Mel Frequency Cepstral Coefficients approximation without FFT

Mel Frequency Cepstral Coefficients (MFCC) are commonly used as features for speech recognition that are based on our understanding of the human ear's response to pitch. They are normally calculated using the the FFT of an incoming signal. In this Notebook I try to find a way to create a Mel filter bank which does not require the FFT.

A quick introduction to the MFCC algorithm

The steps to get the MFCC are as shown.

  1. Take the Fourier transform of (a windowed excerpt of) a signal.
  2. Map the powers of the spectrum obtained above onto the mel scale, using triangular overlapping windows (usually 26 such windows).
  3. Take the logs of the powers at each of the mel frequencies.
  4. Take the discrete cosine transform of the list of mel log powers, as if it were a signal.
  5. The MFCCs are the amplitudes of the resulting spectrum.
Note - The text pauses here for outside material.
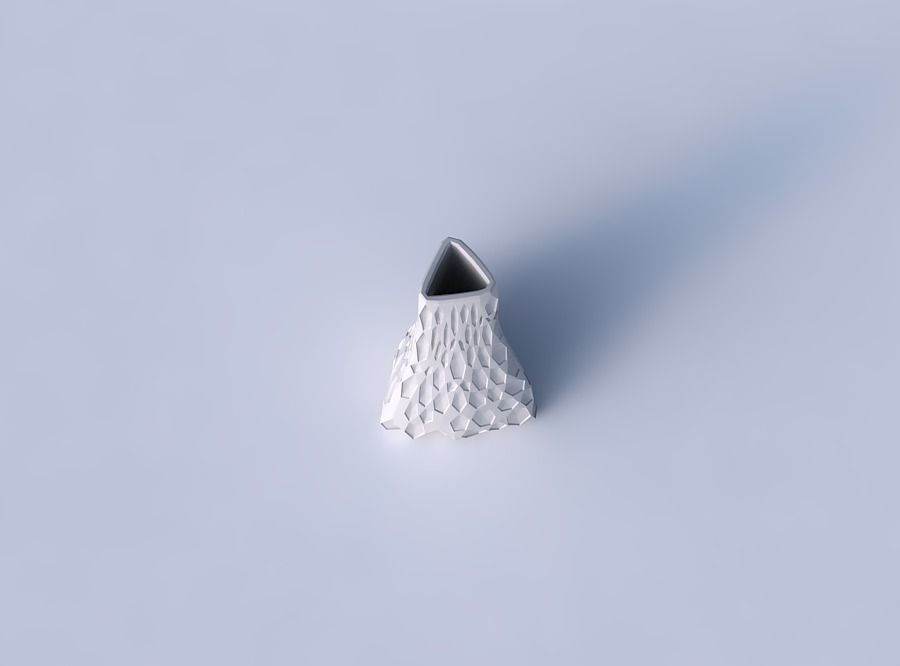 Vase grounded triangle with crystal dents 3D print model_2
For a more indepth discussion of MFCCs take a look at this page.

Constructing Triangular Filter Banks

FFTs are expensive on microcontrollers, lets try to eliminate this step. A good starting point is to look at the triangular filters. Lets try to find a way to create similar digital filters. Triangles are essentially made of two different lines. So how do we create a filter that gives us a linear response to frequency? The answer is simple: Differentiation. Imagine a signal $$ f(x) $$, we can write this as a fourier series like so: $$ f(x) = \Sigma_{n=0}^\infty \phi_nsin2\pi nx $$ Therefore $$ \frac{d}{dx}f(x) = \Sigma_{n=0}^\infty 2\pi n\phi_ncos2\pi nx $$ Thus differentiation of a signal gives us a response where the amplitude of the output is proportional to its frequency (Note: differentiation does affect the phase but phase information is unimportant in this case). Adjusting the slope of this response is a simple matter of multiplication of the original signal. How about adjusting the x intercept of the response? Well lets look at this problem from the fourier domain. In the fourier domain we'd like to construct a filter with the following response: $$ y = m\omega + b $$ Lets take the inverse fourier transform of this expression: $$ \mathcal{F}^{-1}\{y\} (t)= \mathcal{F}^{-1}\{m\omega\}(t) + \mathcal{F}^{-1}\{b\}(t)$$ We already discussed how we can find a way of making the frequency response proportional the frequency of the signal component. Thus the only thing we need to worry about is the b term. The good news is $$\mathcal{F}^{-1}\{b\}(t) = b\delta (t)$$ i.e the Dirac delta function. Unfortunately for us converting the dirac delta to a discrete function is not quite possible. However, we could just use white noise to model the frequency response of the dirac delta function. Now the triangles are made of two lines that start at some frequency and end at some other frequency

In [351]:
import matplotlib
import numpy as np
import matplotlib.pyplot as plt
%matplotlib inline
def fill_below_intersection(x, S, Z):
    fill the region below the intersection of S and Z
    #find the intersection point
    ind = np.nonzero( np.absolute(S-Z)==min(np.absolute(S-Z)))[0]
    # compute a new curve which we will fill below
    Y = np.zeros(S.shape, dtype=np.float)
    Y[:ind[0]] = S[:ind[0]]  # Y is S up to the intersection
    Y[ind[0]:] = Z[ind[0]:]  # and Z beyond it
    plt.fill(x, Y, facecolor='red', alpha=0.5)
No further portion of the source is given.